En d'autres termes, l'élargissement du périmètre d'intervention de la BERD n'entraîne pas l'acceptation automatique des pays concernés comme pays d'opération : toute candidature restera soumise à une approbation spécifique par le Conseil des gouverneurs, sur la base d'un examen détaillé du Conseil d'administration visant à vérifier que ces pays respectent et s'engagent à mettre en pratique « les principes de la démocratie pluraliste, du pluralisme et de l'économie de marché » selon les termes de ce même article 1 er .
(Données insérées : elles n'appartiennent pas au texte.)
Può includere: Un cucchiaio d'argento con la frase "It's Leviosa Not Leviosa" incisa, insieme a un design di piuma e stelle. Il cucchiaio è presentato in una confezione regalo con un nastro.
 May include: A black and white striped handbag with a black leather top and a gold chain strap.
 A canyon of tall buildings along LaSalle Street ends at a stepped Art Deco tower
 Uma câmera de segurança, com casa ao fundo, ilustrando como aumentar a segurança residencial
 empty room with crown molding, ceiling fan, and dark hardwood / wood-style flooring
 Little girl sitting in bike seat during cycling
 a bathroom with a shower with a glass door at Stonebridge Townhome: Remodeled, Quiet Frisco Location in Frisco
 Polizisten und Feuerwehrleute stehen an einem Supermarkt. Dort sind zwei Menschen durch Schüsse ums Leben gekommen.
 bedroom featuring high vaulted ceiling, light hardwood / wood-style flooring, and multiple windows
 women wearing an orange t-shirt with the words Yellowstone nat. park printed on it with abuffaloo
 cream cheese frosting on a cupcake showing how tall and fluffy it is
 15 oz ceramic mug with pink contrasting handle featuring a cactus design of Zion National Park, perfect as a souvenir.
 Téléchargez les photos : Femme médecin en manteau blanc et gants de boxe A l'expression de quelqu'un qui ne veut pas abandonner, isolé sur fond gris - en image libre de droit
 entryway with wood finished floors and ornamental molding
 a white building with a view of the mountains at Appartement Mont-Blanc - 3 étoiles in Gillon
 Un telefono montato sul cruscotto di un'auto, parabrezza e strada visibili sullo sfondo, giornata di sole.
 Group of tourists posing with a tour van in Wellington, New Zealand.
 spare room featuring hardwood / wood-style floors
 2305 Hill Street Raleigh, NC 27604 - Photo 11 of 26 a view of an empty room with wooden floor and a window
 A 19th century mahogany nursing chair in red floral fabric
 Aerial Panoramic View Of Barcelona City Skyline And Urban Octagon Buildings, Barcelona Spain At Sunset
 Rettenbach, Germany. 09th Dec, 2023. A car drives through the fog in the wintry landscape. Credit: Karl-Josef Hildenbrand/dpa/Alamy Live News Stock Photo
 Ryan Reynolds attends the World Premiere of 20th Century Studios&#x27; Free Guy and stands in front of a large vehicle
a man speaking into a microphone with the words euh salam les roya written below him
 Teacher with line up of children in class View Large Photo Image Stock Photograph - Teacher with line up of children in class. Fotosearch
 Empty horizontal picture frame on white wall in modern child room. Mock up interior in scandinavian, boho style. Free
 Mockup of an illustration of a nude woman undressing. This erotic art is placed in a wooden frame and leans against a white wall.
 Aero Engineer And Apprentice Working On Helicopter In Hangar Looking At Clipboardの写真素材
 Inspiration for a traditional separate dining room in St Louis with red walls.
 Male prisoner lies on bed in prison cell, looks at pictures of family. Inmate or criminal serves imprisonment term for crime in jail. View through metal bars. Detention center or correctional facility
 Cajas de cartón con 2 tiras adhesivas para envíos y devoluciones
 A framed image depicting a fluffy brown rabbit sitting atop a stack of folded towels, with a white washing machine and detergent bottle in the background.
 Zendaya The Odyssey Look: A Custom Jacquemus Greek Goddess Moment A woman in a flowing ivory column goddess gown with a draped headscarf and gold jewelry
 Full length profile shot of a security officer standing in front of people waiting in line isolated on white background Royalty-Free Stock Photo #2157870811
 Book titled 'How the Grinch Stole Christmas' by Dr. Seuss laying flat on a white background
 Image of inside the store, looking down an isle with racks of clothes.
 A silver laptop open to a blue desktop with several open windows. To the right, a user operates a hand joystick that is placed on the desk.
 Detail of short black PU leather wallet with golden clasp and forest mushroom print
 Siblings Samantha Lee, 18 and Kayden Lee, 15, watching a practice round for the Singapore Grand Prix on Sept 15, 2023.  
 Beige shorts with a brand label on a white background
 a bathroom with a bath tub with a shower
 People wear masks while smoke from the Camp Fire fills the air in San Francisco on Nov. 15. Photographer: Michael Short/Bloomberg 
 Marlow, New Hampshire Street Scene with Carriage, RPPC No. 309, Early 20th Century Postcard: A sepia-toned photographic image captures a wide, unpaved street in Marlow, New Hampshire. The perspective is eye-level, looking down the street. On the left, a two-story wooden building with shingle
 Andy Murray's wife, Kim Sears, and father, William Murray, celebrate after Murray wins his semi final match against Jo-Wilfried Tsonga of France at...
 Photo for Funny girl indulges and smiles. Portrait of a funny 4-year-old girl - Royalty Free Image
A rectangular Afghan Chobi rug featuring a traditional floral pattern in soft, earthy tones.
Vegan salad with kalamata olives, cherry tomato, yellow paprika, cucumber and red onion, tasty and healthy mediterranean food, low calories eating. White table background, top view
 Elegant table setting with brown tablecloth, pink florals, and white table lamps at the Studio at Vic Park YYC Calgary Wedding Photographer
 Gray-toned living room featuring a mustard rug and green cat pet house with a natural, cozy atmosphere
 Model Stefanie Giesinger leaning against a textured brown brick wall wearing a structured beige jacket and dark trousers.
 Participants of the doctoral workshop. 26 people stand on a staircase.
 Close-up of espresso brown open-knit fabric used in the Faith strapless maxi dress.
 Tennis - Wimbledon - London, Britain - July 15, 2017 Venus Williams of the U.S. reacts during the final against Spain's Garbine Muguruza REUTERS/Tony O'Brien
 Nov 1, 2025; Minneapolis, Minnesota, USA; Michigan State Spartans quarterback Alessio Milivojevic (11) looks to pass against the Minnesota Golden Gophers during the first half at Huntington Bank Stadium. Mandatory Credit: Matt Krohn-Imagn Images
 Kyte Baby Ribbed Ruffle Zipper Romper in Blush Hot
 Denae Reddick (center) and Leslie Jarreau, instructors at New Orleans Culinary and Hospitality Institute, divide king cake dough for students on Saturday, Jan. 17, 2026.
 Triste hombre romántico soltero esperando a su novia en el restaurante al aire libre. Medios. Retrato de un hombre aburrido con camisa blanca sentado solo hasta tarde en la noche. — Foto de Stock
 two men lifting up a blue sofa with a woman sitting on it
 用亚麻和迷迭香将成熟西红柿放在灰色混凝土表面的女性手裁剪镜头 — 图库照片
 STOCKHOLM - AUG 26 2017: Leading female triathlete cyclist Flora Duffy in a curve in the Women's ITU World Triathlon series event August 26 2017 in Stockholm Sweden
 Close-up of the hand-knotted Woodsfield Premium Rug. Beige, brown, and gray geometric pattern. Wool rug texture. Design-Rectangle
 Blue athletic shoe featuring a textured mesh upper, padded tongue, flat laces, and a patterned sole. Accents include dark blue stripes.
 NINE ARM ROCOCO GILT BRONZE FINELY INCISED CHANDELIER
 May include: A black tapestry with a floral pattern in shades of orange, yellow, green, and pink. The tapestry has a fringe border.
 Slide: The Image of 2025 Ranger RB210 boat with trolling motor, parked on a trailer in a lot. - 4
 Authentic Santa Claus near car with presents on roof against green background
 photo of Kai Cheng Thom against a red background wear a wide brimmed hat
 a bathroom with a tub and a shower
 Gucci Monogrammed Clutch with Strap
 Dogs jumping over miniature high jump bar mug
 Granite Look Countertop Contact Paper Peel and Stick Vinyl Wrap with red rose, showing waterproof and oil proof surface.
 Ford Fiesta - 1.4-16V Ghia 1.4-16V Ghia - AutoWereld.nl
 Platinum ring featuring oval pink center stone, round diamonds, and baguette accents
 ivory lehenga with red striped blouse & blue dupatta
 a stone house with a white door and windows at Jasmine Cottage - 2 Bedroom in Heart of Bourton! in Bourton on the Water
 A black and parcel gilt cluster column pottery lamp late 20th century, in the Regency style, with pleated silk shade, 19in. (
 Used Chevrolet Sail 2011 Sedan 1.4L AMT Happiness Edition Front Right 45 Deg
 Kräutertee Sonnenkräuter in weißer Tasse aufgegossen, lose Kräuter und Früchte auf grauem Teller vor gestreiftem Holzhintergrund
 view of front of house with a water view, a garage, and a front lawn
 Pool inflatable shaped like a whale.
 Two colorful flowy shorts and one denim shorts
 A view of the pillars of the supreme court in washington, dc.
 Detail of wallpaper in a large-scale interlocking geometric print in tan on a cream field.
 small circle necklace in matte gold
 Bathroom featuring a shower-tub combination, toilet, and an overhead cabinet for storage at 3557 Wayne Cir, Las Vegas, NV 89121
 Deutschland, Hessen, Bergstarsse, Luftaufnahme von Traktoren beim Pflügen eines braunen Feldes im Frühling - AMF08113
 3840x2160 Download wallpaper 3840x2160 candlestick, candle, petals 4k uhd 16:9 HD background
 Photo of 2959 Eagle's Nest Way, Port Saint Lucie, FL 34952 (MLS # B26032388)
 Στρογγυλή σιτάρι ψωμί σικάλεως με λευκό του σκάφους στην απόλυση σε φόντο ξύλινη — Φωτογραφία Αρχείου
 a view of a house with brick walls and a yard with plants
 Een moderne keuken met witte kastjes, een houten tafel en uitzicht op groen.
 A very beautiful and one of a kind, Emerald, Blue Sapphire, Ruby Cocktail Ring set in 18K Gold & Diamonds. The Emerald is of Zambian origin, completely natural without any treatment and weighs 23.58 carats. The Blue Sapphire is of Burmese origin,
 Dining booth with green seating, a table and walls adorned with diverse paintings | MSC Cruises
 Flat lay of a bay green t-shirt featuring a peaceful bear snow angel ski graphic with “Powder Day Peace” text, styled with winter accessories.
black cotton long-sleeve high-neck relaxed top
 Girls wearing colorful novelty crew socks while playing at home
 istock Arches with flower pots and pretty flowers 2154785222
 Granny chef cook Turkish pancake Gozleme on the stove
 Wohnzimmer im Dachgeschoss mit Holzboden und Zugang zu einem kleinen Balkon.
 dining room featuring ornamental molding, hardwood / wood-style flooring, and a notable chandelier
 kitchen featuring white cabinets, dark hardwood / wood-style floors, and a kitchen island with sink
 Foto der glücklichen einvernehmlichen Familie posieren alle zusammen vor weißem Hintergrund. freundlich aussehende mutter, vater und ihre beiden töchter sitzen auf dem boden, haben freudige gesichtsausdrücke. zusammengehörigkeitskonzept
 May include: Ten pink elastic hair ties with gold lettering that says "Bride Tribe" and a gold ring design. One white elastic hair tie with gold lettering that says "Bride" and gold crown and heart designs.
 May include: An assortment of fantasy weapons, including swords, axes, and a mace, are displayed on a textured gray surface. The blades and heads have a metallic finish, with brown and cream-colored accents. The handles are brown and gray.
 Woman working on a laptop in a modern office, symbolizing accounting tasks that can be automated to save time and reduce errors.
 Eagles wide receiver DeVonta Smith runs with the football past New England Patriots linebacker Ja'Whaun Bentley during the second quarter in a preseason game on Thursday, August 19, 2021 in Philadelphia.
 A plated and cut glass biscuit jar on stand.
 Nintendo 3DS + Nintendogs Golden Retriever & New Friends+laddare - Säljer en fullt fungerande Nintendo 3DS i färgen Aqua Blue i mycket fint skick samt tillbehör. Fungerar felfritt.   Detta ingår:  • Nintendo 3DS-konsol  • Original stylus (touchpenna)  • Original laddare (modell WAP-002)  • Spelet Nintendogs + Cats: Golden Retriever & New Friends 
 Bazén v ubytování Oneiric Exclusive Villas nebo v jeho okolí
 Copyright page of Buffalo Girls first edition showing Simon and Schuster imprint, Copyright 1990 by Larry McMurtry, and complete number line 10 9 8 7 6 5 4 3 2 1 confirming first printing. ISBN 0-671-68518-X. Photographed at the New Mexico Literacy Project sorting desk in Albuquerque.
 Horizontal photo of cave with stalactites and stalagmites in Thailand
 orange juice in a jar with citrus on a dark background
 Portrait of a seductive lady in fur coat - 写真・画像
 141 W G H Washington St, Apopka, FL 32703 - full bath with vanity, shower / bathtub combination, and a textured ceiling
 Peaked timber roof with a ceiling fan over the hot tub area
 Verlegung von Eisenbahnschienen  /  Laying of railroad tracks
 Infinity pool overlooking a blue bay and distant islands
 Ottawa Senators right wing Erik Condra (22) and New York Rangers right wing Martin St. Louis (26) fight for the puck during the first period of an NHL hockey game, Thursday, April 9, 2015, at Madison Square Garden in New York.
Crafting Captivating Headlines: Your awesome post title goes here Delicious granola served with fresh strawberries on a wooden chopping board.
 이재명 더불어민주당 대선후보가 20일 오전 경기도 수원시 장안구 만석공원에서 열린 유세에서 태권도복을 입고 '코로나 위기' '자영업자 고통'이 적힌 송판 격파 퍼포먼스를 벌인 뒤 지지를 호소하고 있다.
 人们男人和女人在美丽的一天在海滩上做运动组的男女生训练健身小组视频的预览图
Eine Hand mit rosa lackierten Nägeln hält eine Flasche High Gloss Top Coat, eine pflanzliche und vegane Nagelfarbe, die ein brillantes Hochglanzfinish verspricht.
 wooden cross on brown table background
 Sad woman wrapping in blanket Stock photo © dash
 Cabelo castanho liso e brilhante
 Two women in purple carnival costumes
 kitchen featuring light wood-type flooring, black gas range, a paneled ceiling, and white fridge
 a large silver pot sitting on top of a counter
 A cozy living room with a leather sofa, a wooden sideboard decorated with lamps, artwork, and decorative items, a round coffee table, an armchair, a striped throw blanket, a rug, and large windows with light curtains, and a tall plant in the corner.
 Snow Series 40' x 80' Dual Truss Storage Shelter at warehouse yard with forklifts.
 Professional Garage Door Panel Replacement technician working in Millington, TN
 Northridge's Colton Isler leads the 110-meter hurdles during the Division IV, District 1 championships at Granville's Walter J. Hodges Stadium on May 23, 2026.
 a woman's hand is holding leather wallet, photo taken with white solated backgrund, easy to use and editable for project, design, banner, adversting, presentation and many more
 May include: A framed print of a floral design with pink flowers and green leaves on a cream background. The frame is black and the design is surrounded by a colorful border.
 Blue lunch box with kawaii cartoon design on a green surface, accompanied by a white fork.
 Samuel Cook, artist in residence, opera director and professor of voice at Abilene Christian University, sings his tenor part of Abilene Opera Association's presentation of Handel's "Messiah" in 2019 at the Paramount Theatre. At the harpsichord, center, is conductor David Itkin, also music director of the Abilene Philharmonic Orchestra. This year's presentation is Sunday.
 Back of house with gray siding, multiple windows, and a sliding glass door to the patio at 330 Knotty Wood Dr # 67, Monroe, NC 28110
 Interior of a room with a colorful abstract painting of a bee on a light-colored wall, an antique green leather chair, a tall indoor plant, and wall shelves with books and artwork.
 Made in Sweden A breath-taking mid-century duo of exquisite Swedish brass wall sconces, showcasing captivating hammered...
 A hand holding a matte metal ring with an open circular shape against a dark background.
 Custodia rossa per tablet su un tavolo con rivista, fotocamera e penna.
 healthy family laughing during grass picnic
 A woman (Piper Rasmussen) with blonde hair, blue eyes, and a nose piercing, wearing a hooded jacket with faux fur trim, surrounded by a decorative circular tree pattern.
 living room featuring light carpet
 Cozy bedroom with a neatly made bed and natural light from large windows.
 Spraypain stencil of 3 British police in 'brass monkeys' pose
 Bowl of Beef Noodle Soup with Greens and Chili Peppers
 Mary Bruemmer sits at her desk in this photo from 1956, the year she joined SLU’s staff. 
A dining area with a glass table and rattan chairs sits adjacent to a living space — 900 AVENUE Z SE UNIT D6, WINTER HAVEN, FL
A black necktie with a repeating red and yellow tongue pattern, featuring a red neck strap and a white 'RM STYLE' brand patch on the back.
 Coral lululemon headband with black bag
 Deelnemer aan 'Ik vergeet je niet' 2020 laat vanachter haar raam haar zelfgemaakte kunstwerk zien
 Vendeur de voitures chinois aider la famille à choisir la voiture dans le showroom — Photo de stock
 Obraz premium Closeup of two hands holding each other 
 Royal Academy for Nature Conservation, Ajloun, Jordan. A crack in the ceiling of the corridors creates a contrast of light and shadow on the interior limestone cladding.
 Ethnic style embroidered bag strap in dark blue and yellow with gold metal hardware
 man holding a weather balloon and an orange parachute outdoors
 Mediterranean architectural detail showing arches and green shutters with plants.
Il convient également de préciser que l'article 8 de l'Accord insiste sur le fait que les États bénéficiaires doivent procéder « à une transition résolue vers l'économie de marché », participer « à la promotion de l'initiative privée et de l'esprit d'entreprise et appliquer, grâce à des mesures concrètes ou autres moyens les principes énoncés à l'article 1 er » 9 ( * ) . Autant d'éléments que le Conseil d'administration examine pour éventuellement suspendre ou modifier l'accès aux ressources de la banque d'un État qui « mettrait en oeuvre une politique incompatible avec l'article 1 er ».

Selon le rapport annuel de la BERD, dans les pays où l'application des principes de l'article 1 er est préoccupante, la Banque a adopté une « approche stratégique graduée » qui lui permet « d'ajuster sa portée opérationnelle de manière mesurée et progressive en fonction de la situation économique et politique. Par exemple, en Biélorussie et au Turkménistan, la Banque surveille un ensemble de paramètres économiques et politiques et s'implique activement dans un dialogue de haut niveau avec les autorités pour promouvoir les réformes démocratiques et l'économie de marché » 10 ( * ) . Des mesures de limitation des engagements peuvent être décidées, notamment lorsqu'il s'agit de soutenir des projets gouvernementaux ou d'entreprises liés au pouvoir en place, comme cela a été décidé à l'encontre de l'Ouzbékistan à une date récente 11 ( * ) . Aucun pays n'a, à ce jour, été suspendu par la Banque au motif qu'il ne respectait pas l'article 1 er . L'interruption de tout engagement est une mesure extrême et non nécessairement pertinente, car le soutien à des entreprises privées, créatrices de services à la population et d'emploi, peut aussi être un moyen de diminuer la dépendance à l'égard de l'économie contrôlée par l'État défaillant et de préserver une part d'autonomie de la société civile.

Ainsi que le souligne l'exposé des motifs du projet de loi, l'amendement proposé précise ainsi dans le corps de l'article les modalités de cette approbation, reprenant les principes appliqués par le passé sans base juridique.

S'agissant d'un amendement portant sur l'objet et les missions de la banque, l'unanimité des membres est requise pour son entrée en vigueur, aux termes de l'article 56 de l'Accord.


* 8 L'Union pour la Méditerranée participe au volet politique du Partenariat de Deauville au même titre que l'Organisation de Coopération et de Développement Économique (OCDE), l'Organisation Internationale de la Francophonie (OIF) et le Programme des Nations-Unies pour le Développement (PNUD).

* 9 Tous les trois ans, la BERD redéfinit sa stratégie d'intervention dans les pays d'opération.

* 10 Rapport annuel 2010 de la BERD p.59

* 11 Si le montant des engagements cumulés de 1991 à 2010 en direction de l'Ouzbékistan s'élève à 743 millions d'euros, soit une moyenne annuelle de l'ordre de 37 millions, on notera leur baisse sensible en 2009 (16 millions) et plus encore en 2010 (4 millions).